Some EMS Stocks May Bounce

By Hal Plotkin Silicon Valley Correspondent

Mar 8, 2001 02:10 PM

After an interesting and disquieting few months, electronic manufacturing services (EMS) stocks, a soured sweet spot of the technology sector, could be ready to sweeten once more.

For only the second time in six and a half years, the group underperformed the Dow Jones industrial average last quarter by more than 3 percentage points.

The stocks came roaring back in January, though, moving up 59 percent over their fourth-quarter lows by January 25 – more than double the Nasdaq rebound that occurred during the same period. But a sharp pullback since then has left many investors scratching their heads.

Several analysts and fund managers are now saying select EMS stocks appear to be at or near a trough, though, and that if the past is prologue, EMS stocks will once again be the place to be. The factors cited most often include declining inventories at many EMS firms, indications of bottoming-out book-to-bill ratios that usually precede a recovery in the stocks, and volatility that has many of the stocks now trading well off their 52-week highs.

“I don’t think we’re going to see the kind of growth rates we saw in the past — 50 percent or more year-over-year,” says John Rutledge, portfolio manager for the Evergreen Tech Fund. “But we still like the group. You have to be selective, but the move to outsourcing has been a growth sector for the last decade and probably has five or six more years to go.”

EMS companies manufacture products for a wide variety of brand-name firms. EMS companies’ diverse customer bases usually provide more insulation from the product-specific or market-specific woes that can bring down individual tech firms with more limited product lines. The trend toward outsourcing also works to the advantage of EMS firms, as more and more brand-name manufacturers seek to cut costs associated with running their own, often under-utilized production facilities.

In recent years, for example, as much as 75 to 80 percent of EMS revenue growth has come directly from increases in outsourcing, with the rest coming from organic growth in end-user tech markets.

The betting now among many analysts is that EMS companies that serve the higher-margin, more sophisticated segments of the market will be the most dependable performers over the coming year. Analysts point to firms such as Celestica Inc. {CLS}, DDI Corp. {DDIC}, Plexus Corp. {PLXS}, Sanmina Corp. {SANM}, Flextronics International Ltd. {FLEX} and Jabil Circuit Inc. {JBL}. These firms concentrate on optical equipment and other similar new-product categories, a better client list than that of such firms as SCI Systems Inc. {SCI} and Solectron Corp. {SLR}, analysts say.

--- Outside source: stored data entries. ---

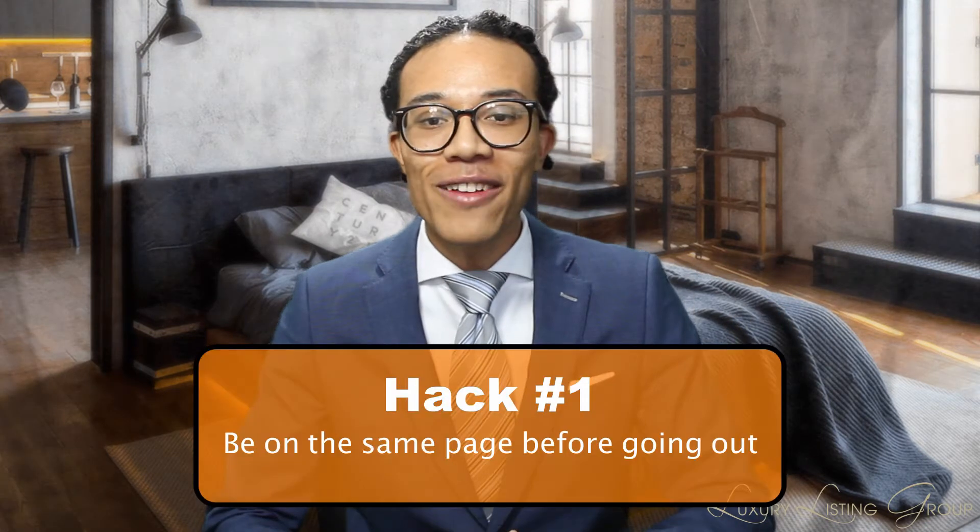Hack number one: be on the same page about your criteria before looking. Whether you're buying a house as newlyweds or as a family, make sure that you're all on the same page about exactly what your needs and wants are in a home. If one family member gets overly excited about a house with five bedrooms and you have already decided on three rooms, there will be some issues getting a deal done. Leave room for compromise, but be sure to discuss the non-negotiables before going out on the house hunt.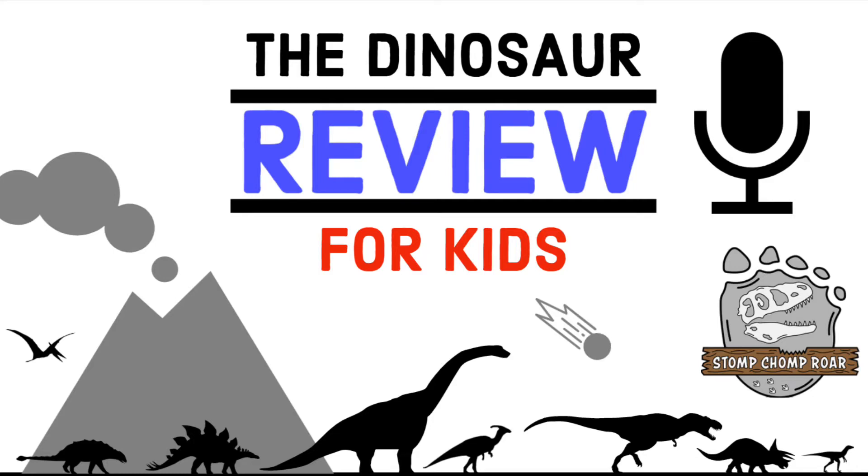Welcome to the Dinosaur Review for Kids podcast — a show all about reviewing dinosaurs on a scale of 1 to 10 fossils, where only the elite terrible lizards make it into the prehistoric cage match. This program is presented by the Stomp Chomp Roar Company and can be heard within all the rock layers across the planet. Grab your dinosaurs and your official scorecard because it's now time to dig for dinosaurs. Here's your Mesozoic host, Dinosaur Ranger Anthony.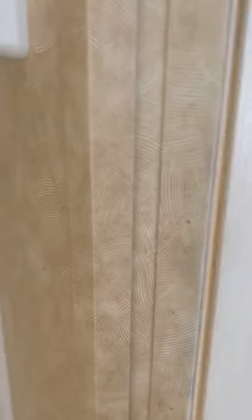And then we have a nice size bathroom. Tons of storage space.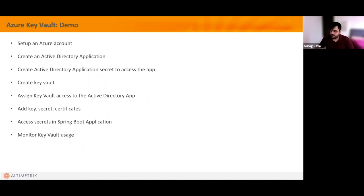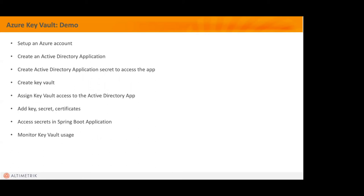One important thing to cover is secret rotation. Secrets will expire after certain days or months. If your application is fully hosted on Azure, you can use another Azure service called Event Grid, which allows you to rotate your secrets with zero downtime — so your application keeps running smoothly while new secrets are applied.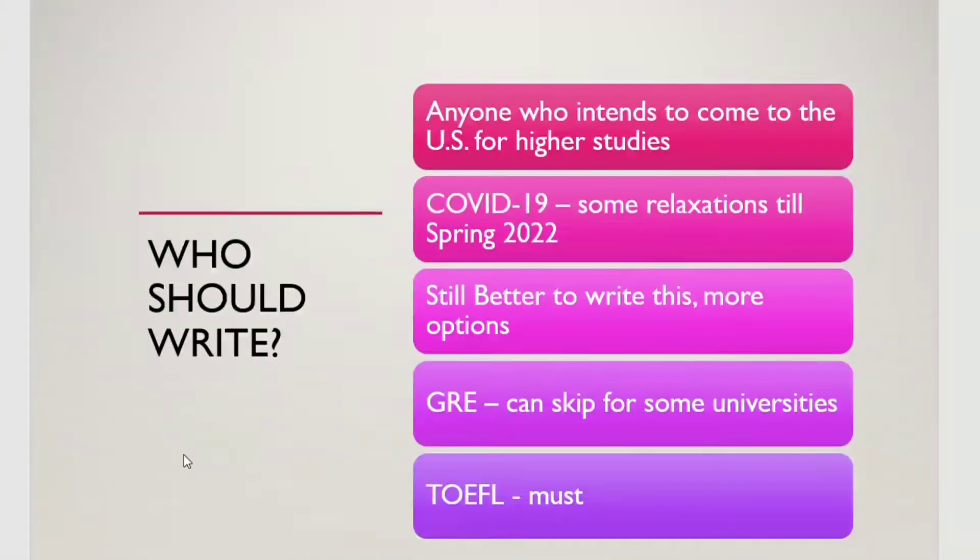Hello friends, in today's session we will talk about all the topics on GRE and TOEFL.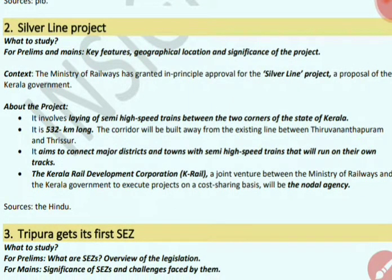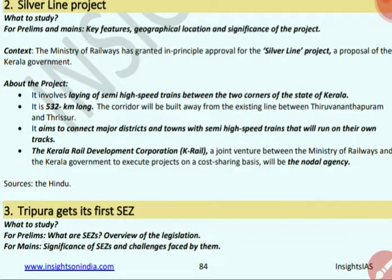The Ministry of Railways has approved the Silver Line project for Kerala. Its main aim is to lay semi-high speed train tracks between two corners of Kerala — a 532 km line built away from the existing rail line between Thiruvananthapuram and Thrissur, connecting major districts and towns. Kerala Rail Development Corporation, a joint venture of the Ministry of Railways and Kerala government, will execute this project on a cost-sharing basis and serve as the nodal agency.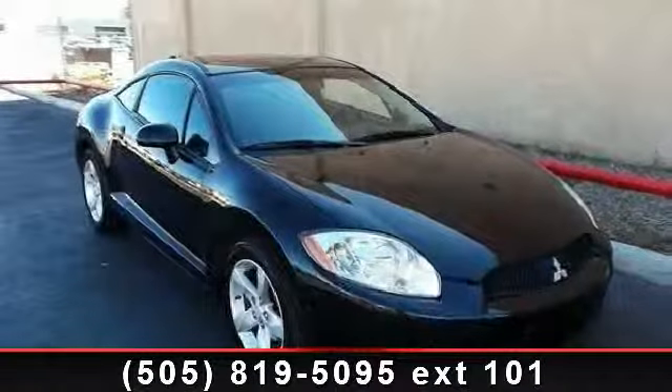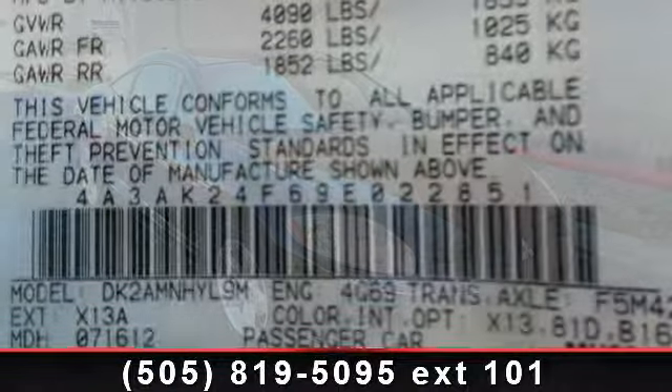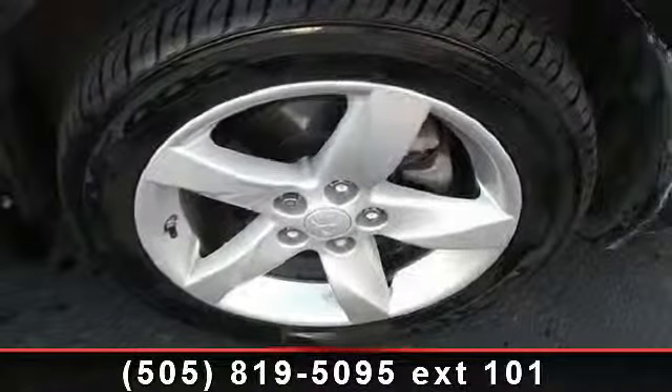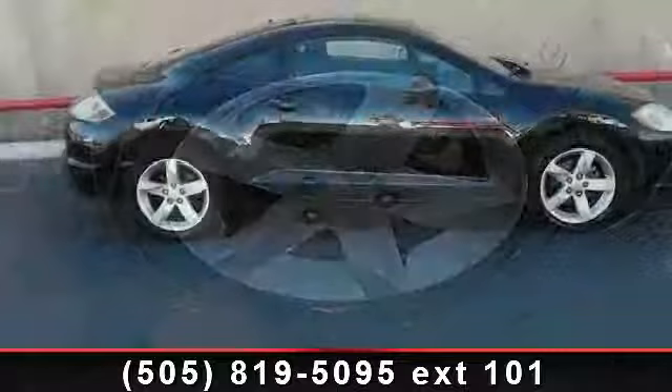Check out this 2009 Mitsubishi Eclipse GS. This may be the set of wheels you've been looking for. This vehicle comes with a reliable 4-cylinder engine connected to a smooth shifting automatic transmission. This vehicle's top features include rear spoiler,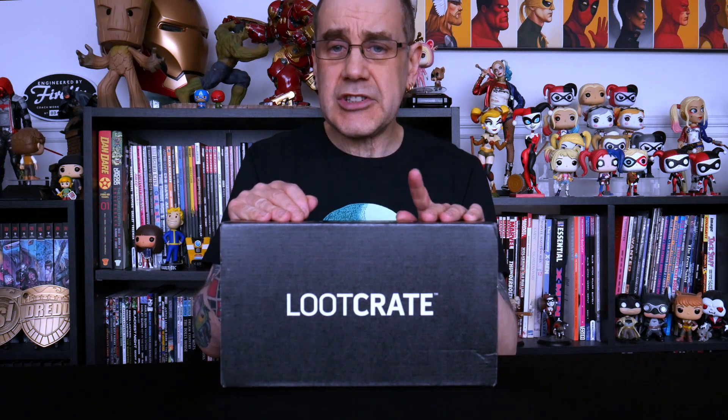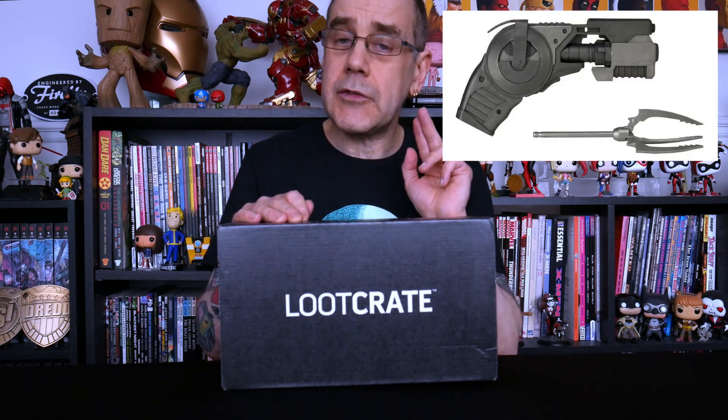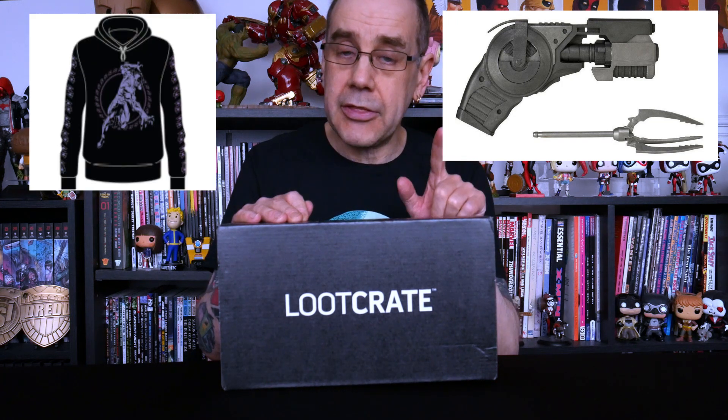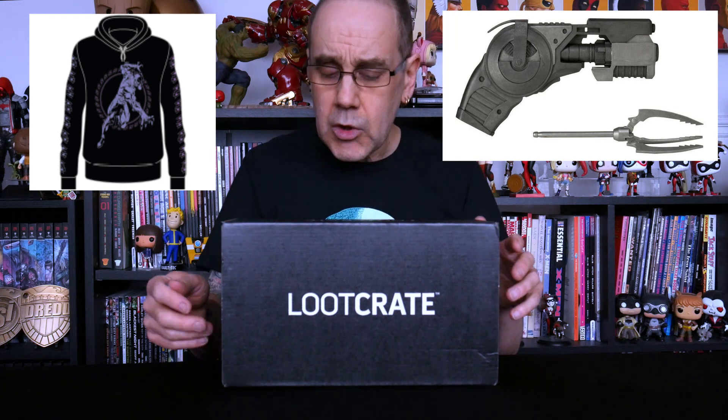Loot Crate costs £27 a month to get shipped over here to Britain. If you're in the States, that works out about $30. You can go for a 1, 3, 6, or 12 month subscription. If you go for the 6 month subscription you also get a free gift of a replica Batman grapnel gun. If you go for the 12 month subscription you get the replica Batman grapnel gun and also a free gift of a Black Panther hoodie.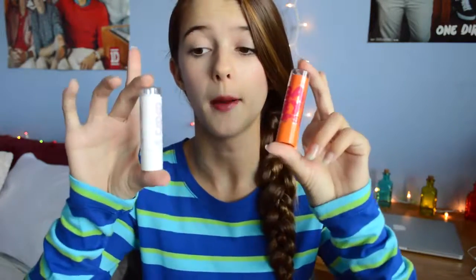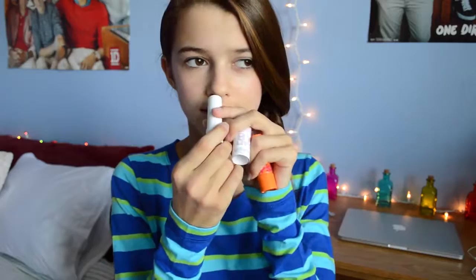My favorite mascara is Maybelline — this is a waterproof mascara. My next two favorites are these Baby Lips Snapsticks. This one is the Dr. Rescue. I got it in this really pretty burgundy pinkish color and I really like it. It smells like mint.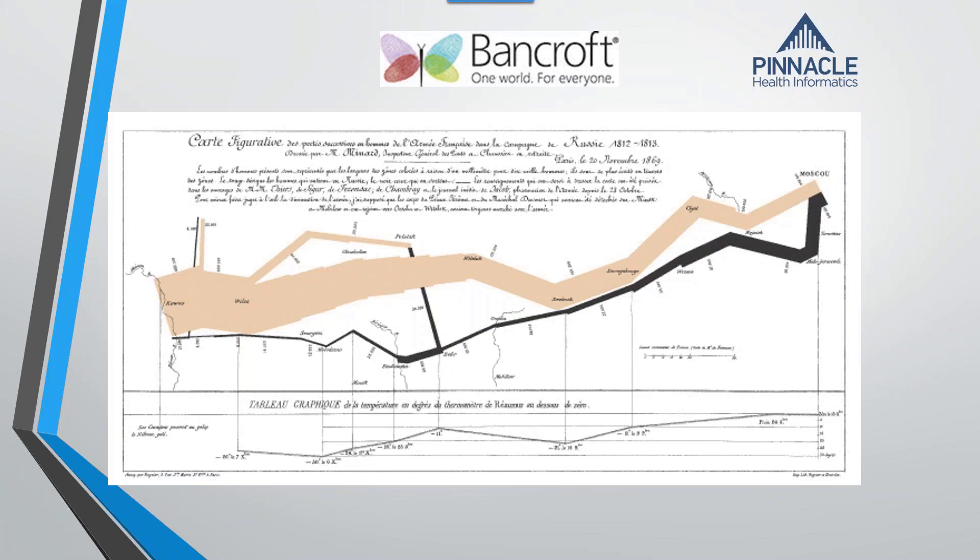This is a graphical depiction of Napoleon's 1812–1813 march from Paris to Moscow and back. The width of the line represents the size of his army. He starts out on the left in Paris with 422,000 men. As he marched, men were dropping, and the width of the line shows the shrinking army. He reached Moscow with 10,000, left Moscow, and came back with only 1,000 — the black line at the end represents those 1,000 soldiers.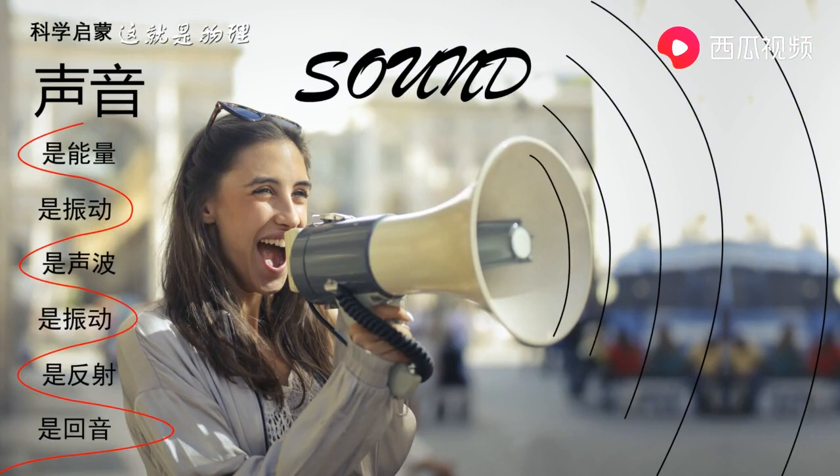Hello everybody, I'm Kelly. Today we're going to talk about sound. So first question: what is sound?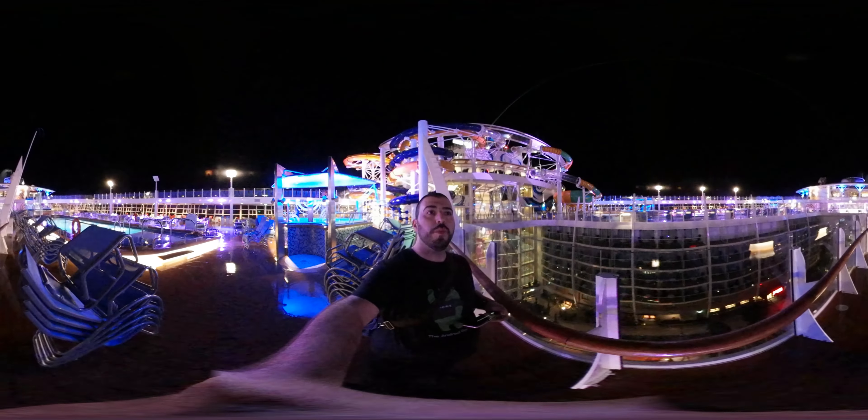This is the boardwalk area and we will do a separate video on that, probably more towards the day when everything's open. You have a basketball and soccer court right across from us — they're washing it down, but it's a full basketball court or soccer. Right up above us is the Windjammer Cafe, which is the main breakfast spot that everyone goes to every morning. You can actually learn to surf or boogie board right up top — they have one on each side, and it simulates a wave.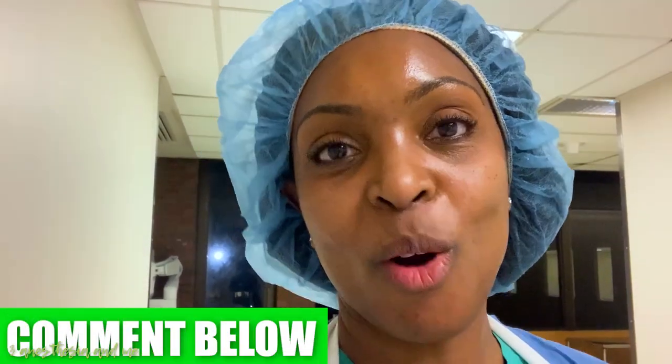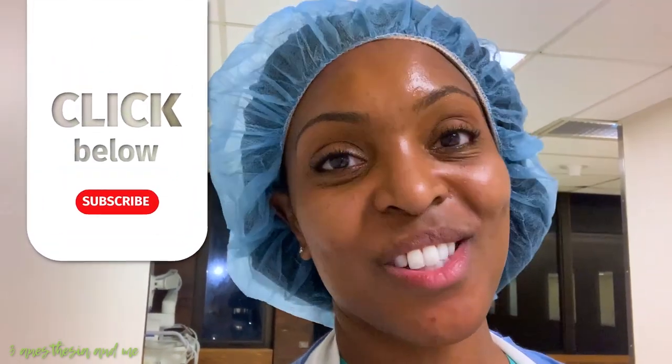Thank you guys so much for watching this video. Please leave some information about how you study in the comments below — hopefully you can motivate and inspire someone else and give them some tips of your own by doing so. Thanks, and until the next video, see ya!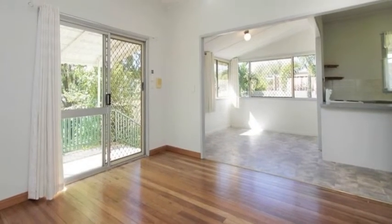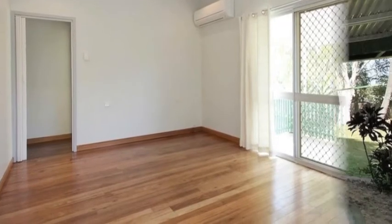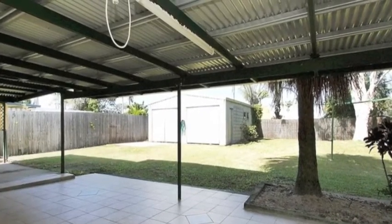There's polished timber floors in the lounge room and a huge separate tiled rumpus room, ideal for a kids retreat or a second living area. That leads out to the large undercover entertainment area.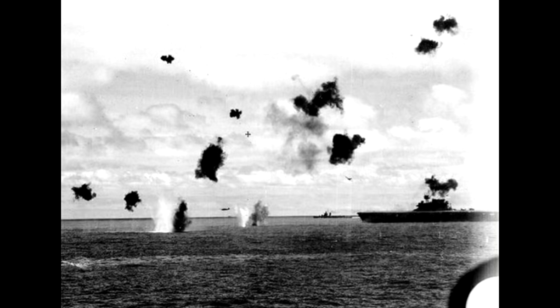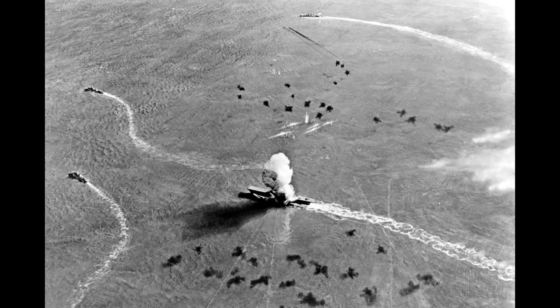Machine guns generally fire tracer, solid, and occasional incendiary rounds, but are too small to fit explosive warheads on individual projectiles. Light anti-aircraft guns — typically the smallest weapons described as cannon — can have a small explosive tip but are characterised as close-range defence weapons only. Medium anti-aircraft guns are designed to reach out further, ideally striking targets before they release their bombs or torpedoes, but are still mainly for defence of the ship they're mounted on.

“If you think we’re heading for a sharp recovery, you’d probably be more interested in DDIC and Sanmina right now,” says J. Keith Dunne, analyst at Robertson Stephens, the San Francisco-based firm that hosts one of the best-attended annual EMS industry conferences. Dunne also recommends the stocks of Celestica and Plexus at current prices, saying all four companies share common and desirable characteristics.

Flextronics and Celestica 52-week stock performance comparison

“All four are on the higher end of the technology spectrum, are well-managed, oriented to new product development, have diverse customer bases and very strong balance sheets. DDI and Sanmina will probably be the first ones leading out from here, but we’ve put all four on our wish list for 2001 for investors ready to get back into the market.”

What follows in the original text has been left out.